Using Solrj – A short guide to getting started with Solrj

As Solrj – The Java Interface for Solr – is slated for being released together with Solr 1.3, it’s time to take a closer look! Solrj is the preferred, easiest way of talking to a Solr server from Java (unless you’re using Embedded Solr). This way you get everything in a neat little package, and can avoid parsing and working with XML etc directly. Everything is tucked neatly away under a few classes, and since the web generally lacks a good example of how to use SolrJ, I’m going to share a small class I wrote for testing the data we were indexing at work. As Solr 1.2 is the currently most recent version available at apache.org, you’ll have to take a look at the Apache Solr Nightly Builds website and download the latest version. The documentation is also contained in the archive, so if you’re going to do any serious solrj development, this is the place to do it.

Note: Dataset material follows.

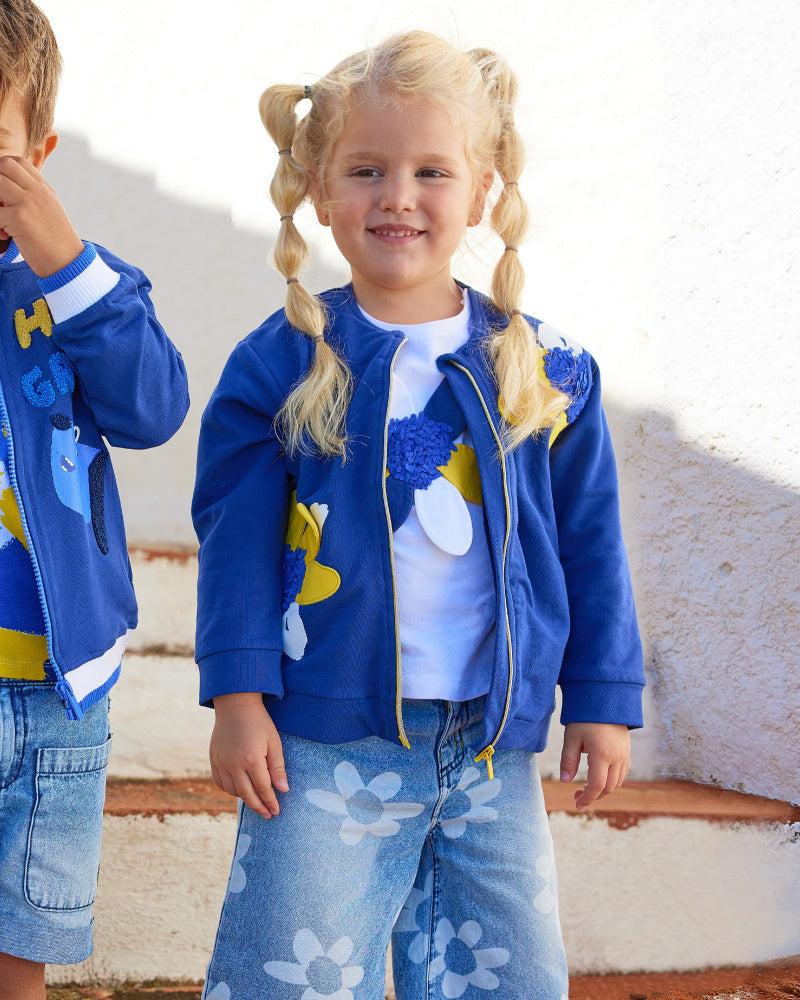 Chaqueta de felpa para niña en azul con apliques de flores y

Oh well, enough of that, let’s cut to the chase. We start by creating a CommonsHttpSolrServer instance, which we provide with the URL of our Solr server as the only argument in the constructor. You may also provide your own parsers, but I’ll leave that for those who need it. I don’t. By default your Solr-installation is running on port 8080 and under the solr directory, but you’ll have to accomodate your own setup here. I’ve included the complete source file for download.

  1. class SolrjTest
  2. {
  3.     public void query(String q)
  4.     {
  5.         CommonsHttpSolrServer server = null;
  6.  
  7.         try
  8.         {
  9.             server = new CommonsHttpSolrServer("http://localhost:8080/solr/");
  10.         }
  11.         catch(Exception e)
  12.         {
  13.             e.printStackTrace();
  14.         }

The next thing we’re going to do is to actually create the query we’re about to ask the Solr server about, and this means building a SolrQuery object. We simply instanciate the object and then start to set the query values to what we’re looking for. The setQueryType call can be dropped to use the default QueryType-handler, but as we currently use dismax, this is what I’ve used here. You can then also turn on Facet-ing (to create navigators/facets) and add the fields you want for those.

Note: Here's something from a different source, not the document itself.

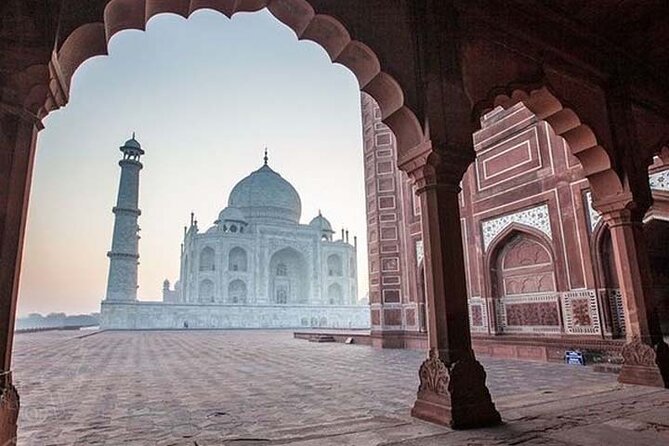 Private Same-Day Taj Mahal & Agra Fort Tour from Jaipur by Car - Agra Fort and the Mughal court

  1.         SolrQuery query = new SolrQuery();
  2.         query.setQuery(q);
  3.         query.setQueryType("dismax");
  4.         query.setFacet(true);
  5.         query.addFacetField("firstname");
  6.         query.addFacetField("lastname");
  7.         query.setFacetMinCount(2);
  8.         query.setIncludeScore(true);

Then we simply query the server by calling server.query, which takes our parameters, build the query URL, sends it to the server and parses the response for us.

  1.         try
  2.         {
  3.             QueryResponse qr = server.query(query);

This result can then be fetched by calling .getResults(); on the QueryResponse object; qr.

  1.             SolrDocumentList sdl = qr.getResults();

We then output the information fetched in the query. You can change this to print all fields or other stuff, but as this is a simple application for searching a database of names, we just collect the first and last name of each entry and print them out. Before we do that, we print a small header containing information about the query, such as the number of elements found and which element we started on.

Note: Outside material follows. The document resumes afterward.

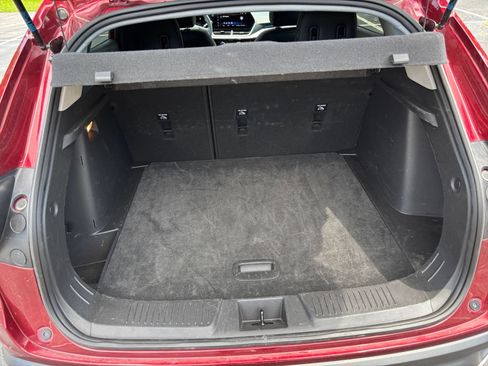 Used 2025 Chevrolet Trax LT FWD image 30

  1.             System.out.println("Found: " + sdl.getNumFound());
  2.             System.out.println("Start: " + sdl.getStart());
  3.             System.out.println("Max Score: " + sdl.getMaxScore());
  4.             System.out.println("——————————–");
  5.  
  6.             ArrayList<HashMap<String, Object>> hitsOnPage = new ArrayList<HashMap<String, Object>>();
  7.  
  8.             for(SolrDocument d : sdl)
  9.             {
  10.                 HashMap<String, Object> values = new HashMap<String, Object>();
  11.  
  12.                 for(Iterator<Map.Entry<String, Object>> i = d.iterator(); i.hasNext(); )
  13.                     Map.Entry<String, Object> e2 = i.next();
  14.                     values.put(e2.getKey(), e2.getValue());
  15.                 }
  16.  
  17.                 hitsOnPage.add(values);
  18.                 System.out.println(values.get("displayname") + " (" + values.get("displayphone") + ")");
  19.             }

After this we output the facets and their information, just so you can see how you’d go about fetching this information from Solr too:

  1.             List<FacetField> facets = qr.getFacetFields();
  2.  
  3.             for(FacetField facet : facets)
  4.             {
  5.                 List<FacetField.Count> facetEntries = facet.getValues();
  6.  
  7.                 for(FacetField.Count fcount : facetEntries)
  8.                 {
  9.                     System.out.println(fcount.getName() + ": " + fcount.getCount());
  10.                 }
  11.             }
  12.         }
  13.         catch (SolrServerException e)
  14.         {
  15.             e.printStackTrace();
  16.         }
  17.     }
  18.  
  19.     public static void main(String[] args)
  20.     {
  21.         SolrjTest solrj = new SolrjTest();
  22.         solrj.query(args[0]);
  23.     }
  24. }

And there you have it, a very simple application to just test the interface against Solr. You’ll need to add the jar-files from the lib/-directory in the solrj archive (and from the solr library itself) to compile and run the example.

Download: SolrTest.java

Tags: , , ,

35 Responses to “Using Solrj – A short guide to getting started with Solrj”

  1. Justin Beck Says:

    This is great, thanks for posting this… I don’t suppose you know how to add content to the index… I’m digging through the API but there is no documentation (until the release of 1.3 I presume).

    Thanks again…

  2. Mats Says:

    Adding content to the index can be performed by simply POST-ing a suitable XML document to the index by using a regular HTTP POST. You can see this in the regular Solr Tutorial: http://lucene.apache.org/solr/tutorial.html

    If you want to use SolrJ for this, there is a very, very simple example in the Solrj Wiki now, check out:

    http://wiki.apache.org/solr/Solrj#head-0adf51b414cbf44c692bcadad4b12326df56d298

  3. Joel Says:

    Nice guide! I have a newbie question though; how do I add the required .jar files when I compile?

  4. Mats Says:

    Simply provide them together with the -classpath directive to javac and java, or set the CLASSPATH environment variable.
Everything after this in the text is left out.